Task to complete
Beginning at the line that contains "Bestshared Outdoor Farmhouse" and finishing at the line that contains "Desain Dan Denah", output the data below exactly. Include both end lines and no pictures.

Supplied information

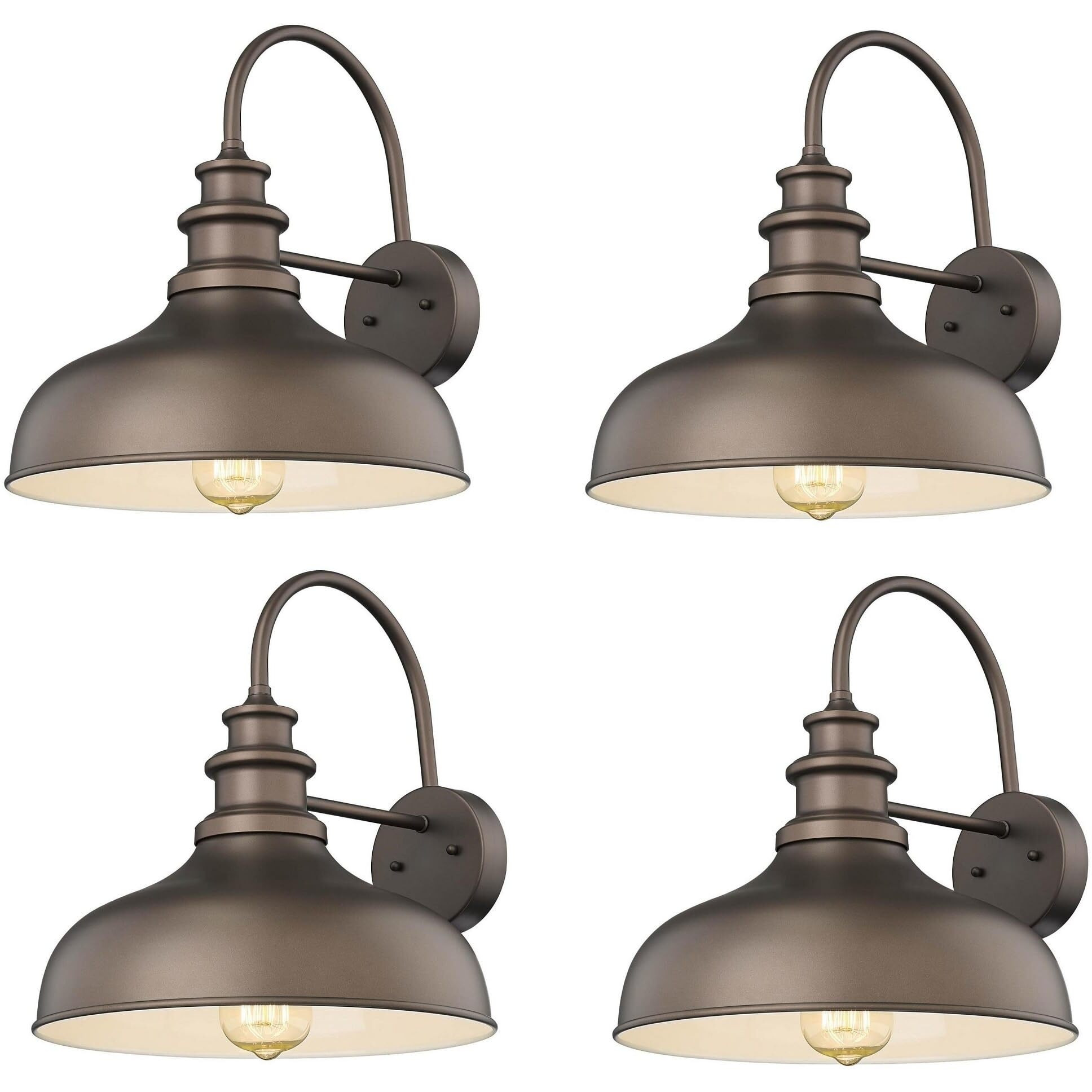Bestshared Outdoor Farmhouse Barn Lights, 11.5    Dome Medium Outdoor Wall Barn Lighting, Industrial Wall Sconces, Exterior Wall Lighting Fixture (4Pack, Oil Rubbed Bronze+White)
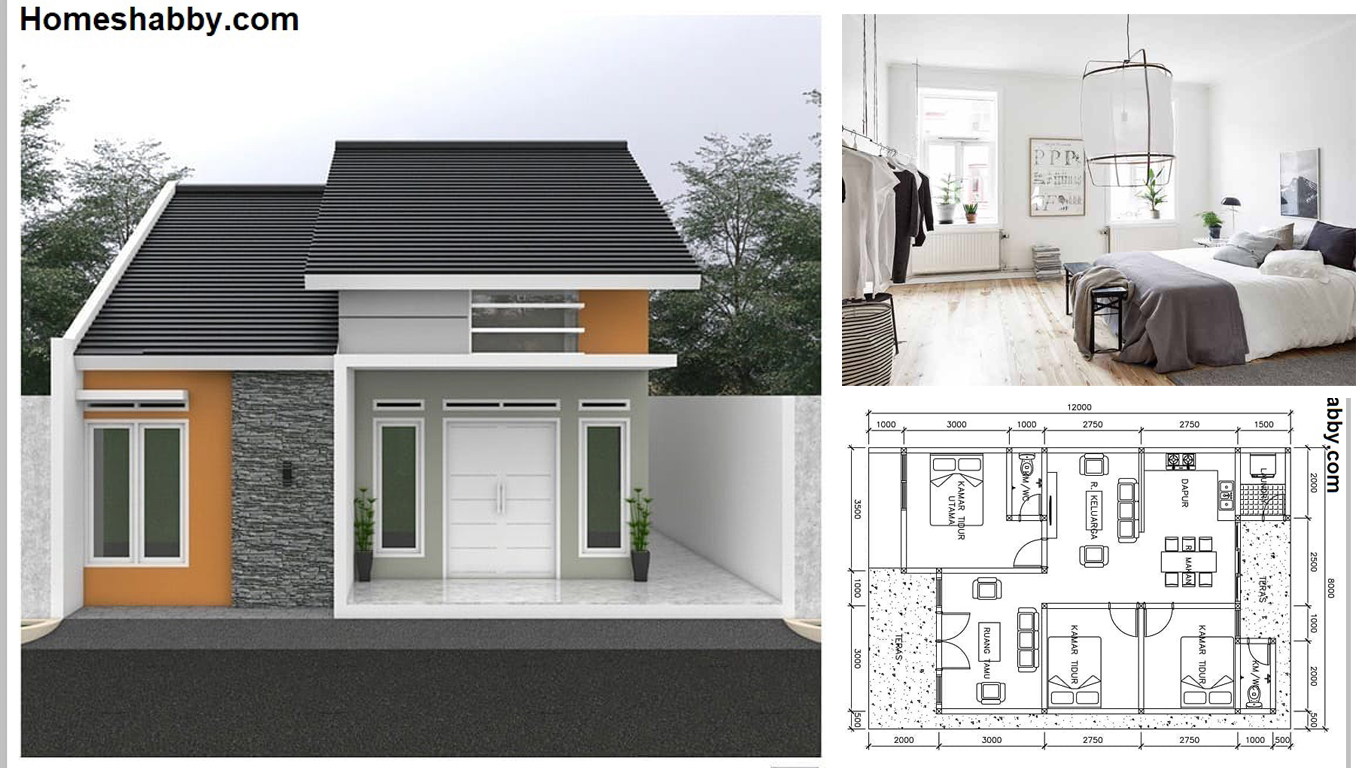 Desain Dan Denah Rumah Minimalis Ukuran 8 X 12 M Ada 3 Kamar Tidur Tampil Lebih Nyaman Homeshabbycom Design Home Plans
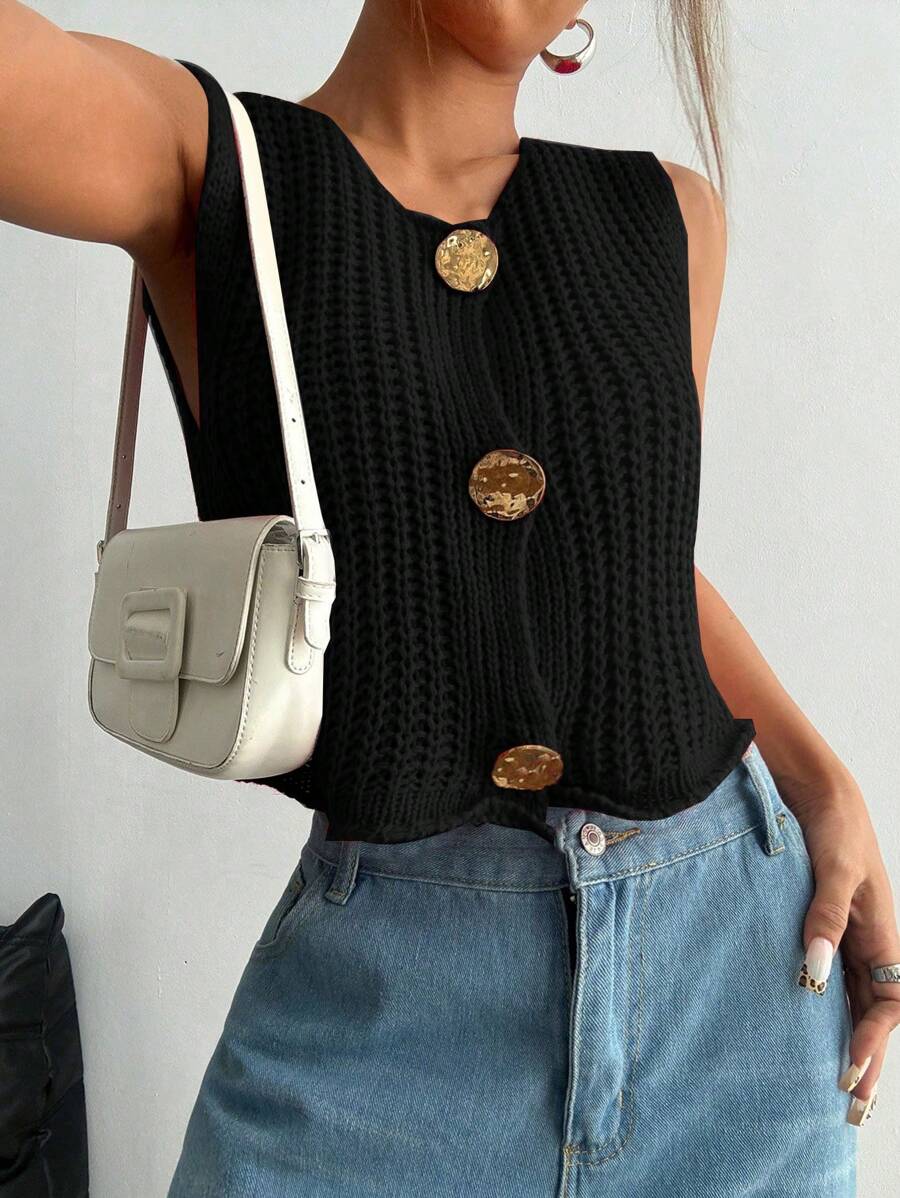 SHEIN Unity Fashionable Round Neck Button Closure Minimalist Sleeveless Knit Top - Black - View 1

* * *

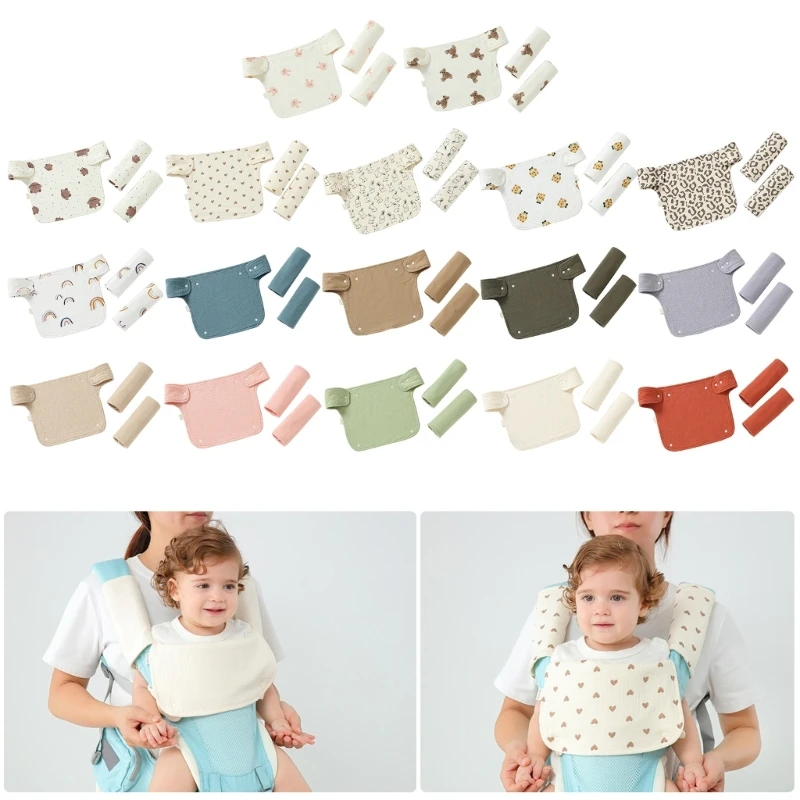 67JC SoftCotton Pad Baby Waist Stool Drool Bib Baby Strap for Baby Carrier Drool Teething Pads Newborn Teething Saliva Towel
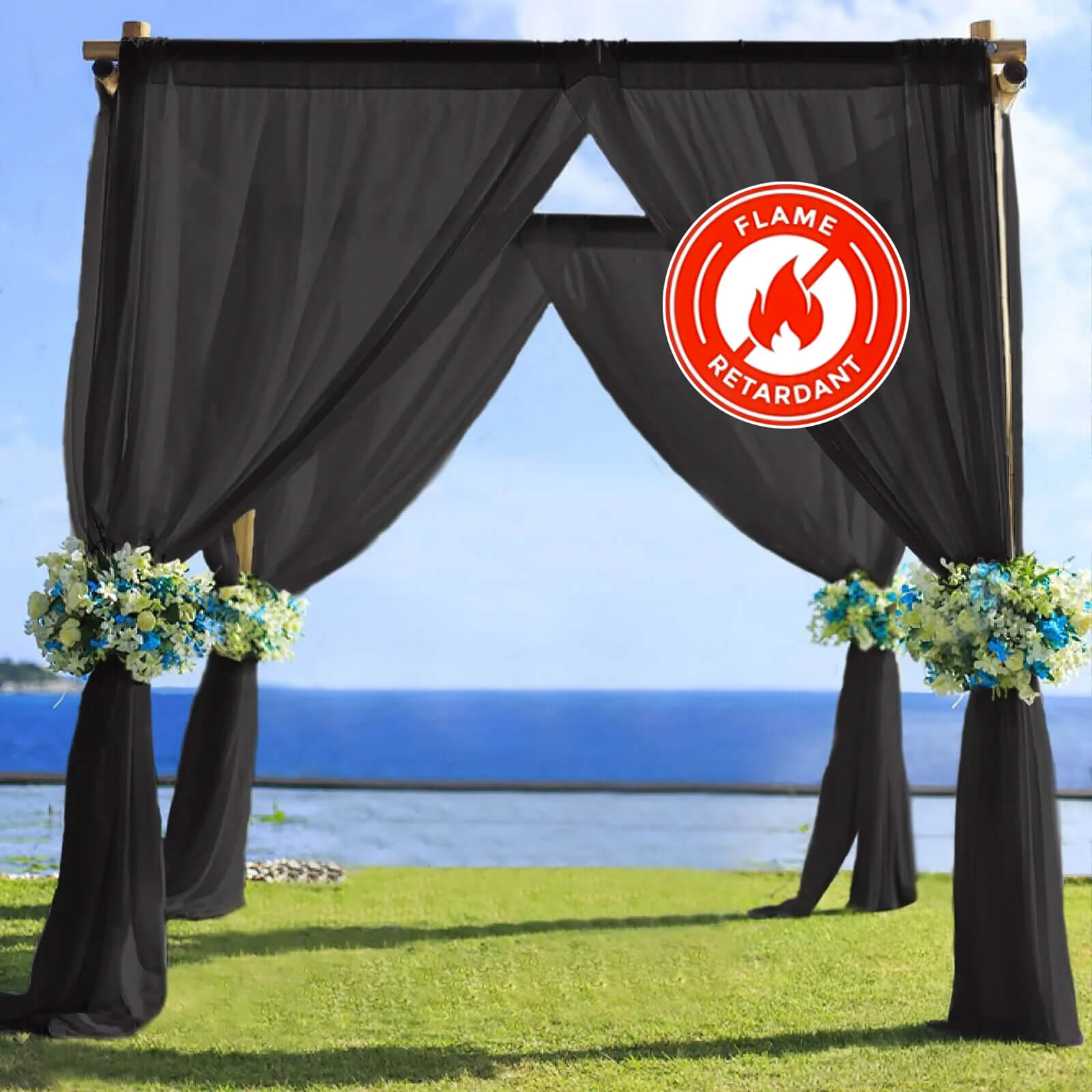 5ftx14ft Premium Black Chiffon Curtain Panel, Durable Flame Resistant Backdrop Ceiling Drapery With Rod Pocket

Response to the exercise
Bestshared Outdoor Farmhouse Barn Lights, 11.5    Dome Medium Outdoor Wall Barn Lighting, Industrial Wall Sconces, Exterior Wall Lighting Fixture (4Pack, Oil Rubbed Bronze+White)
 Desain Dan Denah Rumah Minimalis Ukuran 8 X 12 M Ada 3 Kamar Tidur Tampil Lebih Nyaman Homeshabbycom Design Home Plans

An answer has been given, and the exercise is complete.